This white paper will assist anyone who has been tasked with taking the System Center suite of solutions and using Orchestrator Runbooks to better integrate, automate or orchestrate IT systems and processes to support business practices and ultimately achieve cost savings by driving greater efficiencies across the organisation.
The insights contained in this document reflect over 10 years' experience of the collective Kelverion team in assisting customers to achieve success in the design, building and deployment of Runbooks using System Center Orchestrator.
Having access to Orchestrator is akin to receiving a box of LEGO® bricks with no instructions as to what is to be built. Therefore it is important to read and implement the recommended best practices stated within this guide before you start to build your automation processes. Failing to do so can result in errors, poor service, inefficient processes being automated, increased costs and contributing to a lack of IT process governance and control.
This paper will focus on Orchestrator Runbook development as an integral part of IT Process projects to ensure that IT professionals can create real value from deploying System Center solutions and, where it is appropriate, integrating System Center with other IT Systems Management or Service Management solutions.
Regardless of the scenarios that require a company to implement IT Process Automation, no two organisations are the same. Therefore, the success criteria of implementing IT Process Automation must firstly be determined by those in charge to establish clear goals to achieve and, secondly, to guarantee minimal disruption to the business through the transition from inefficient to efficient processes made more effective through automation.
Some IT Professionals struggle when using System Center Orchestrator as it not a simple IT solution to be installed and learnt on the job. It is highly customisable to support the business processes you wish to automate which can become a double edged sword for IT staff.
For example, it is simple to install Orchestrator and create simple workflows. However, very quickly, you can encounter problems when designing more complex activities and representing them in Orchestrator which involves multiple branches and loops.
From our experience, there are common mistakes to be avoided when implementing the solution and this guide will counter frustrations in your efforts by learning about our best practices and adopting them for greater success in your IT Process Automation projects.
Before reading the content of this best practice guide from Kelverion, it is essential for you to have a clear understanding of System Center (SC) Orchestrator and Runbooks.

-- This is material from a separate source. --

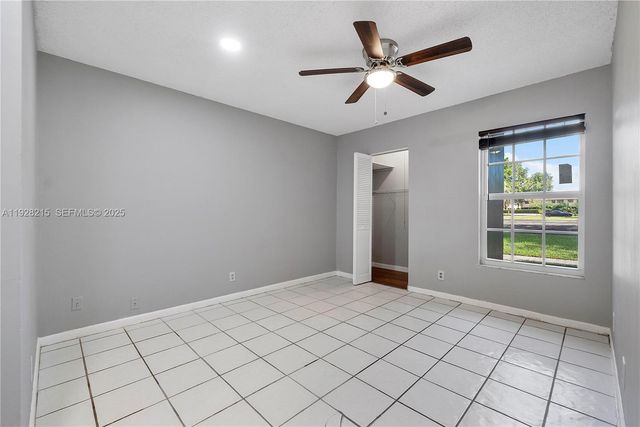 5850 NW 57th Ave 1, Tamarac, FL 33319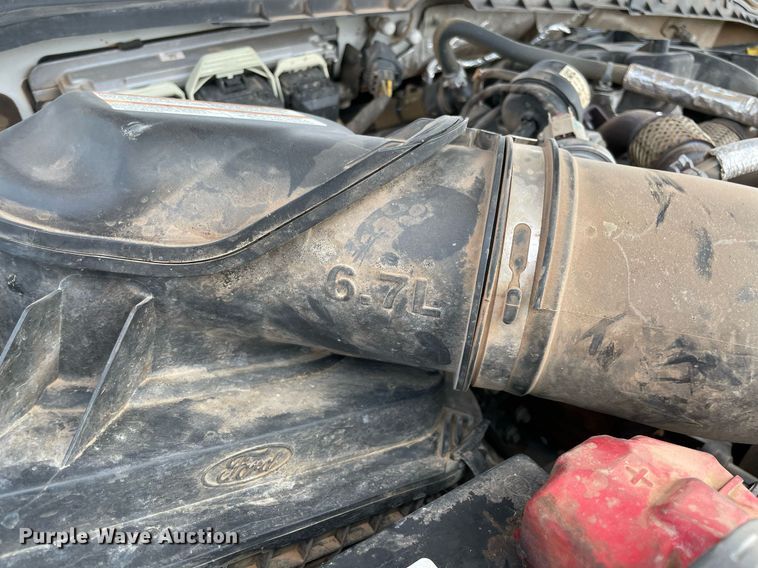 image for item DM0258 2017 Ford F550 Super Duty  SuperCab flatbed truck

Orchestrator is one of the nine components of the Microsoft System Center Suite 2012. An investment in the System Center Suite allows you to access the full capability of Orchestrator. Originally a third-party product named Opalis, which Microsoft acquired in 2009, 'Orchestrator provides a simplified way of building complex automation'.
Rather than spending time writing lines of arcane code, you can use Orchestrator to, for example, support event monitoring, alerts and actions by using a drag-and-drop process which only takes a matter of seconds to complete. This rapid construction and deployment of automated processes will result in IT service improvement and remove manual, resource-intensive or error prone tasks, allowing your team to focus on resolving more strategic activities and delivering new services.
The power of Orchestrator is in providing Runbooks and the individual 'activities' that make up a Runbook. Runbooks contain the 'instructions' for an automated 'task' or 'process'. The individual steps throughout a Runbook are called 'activities'. Within the Runbook, additional 'controls' provide information and instructions to govern the sequence of activities in the Runbook. Runbooks, activities and each Runbook control have configurable properties. You modify these properties to configure the behaviour that your Runbook requires.
In a Service Management scenario, rather than waiting for an end user to notice that a service has become unavailable or having a member of the support team raise a job, you can automate the process entirely through the use of an Orchestrator Runbook.
The alert is resolved, the job is logged and closed, and everything is completed without direct IT personnel intervention. Generally speaking, if you can come up with a procedure to resolve a specific known problem, then you can come up with a way to automate that resolution.
Fundamentally, the Runbook depicts the sequence of operations or work of a person, a group or mechanisms. Runbooks themselves can also be connected together to form more complex solutions to the more complicated processes in the organisation.
In summary, 'Orchestrator provides a solution for IT Operations Runbook Automation and provides orchestration, integration and automation of IT processes, enabling companies to define and standardise best practices and improve operational efficiency whilst reducing errors and costs.'
Orchestrator provides integration with third party service desks, systems management and administration tools as well as with databases, operating systems, their resources and system functions. There are a substantial number of Integration Packs available from Kelverion for non-Microsoft companies or offerings, such as Amazon, Citrix, CA Technologies, BMC, Jira, Nagios and ServiceNow.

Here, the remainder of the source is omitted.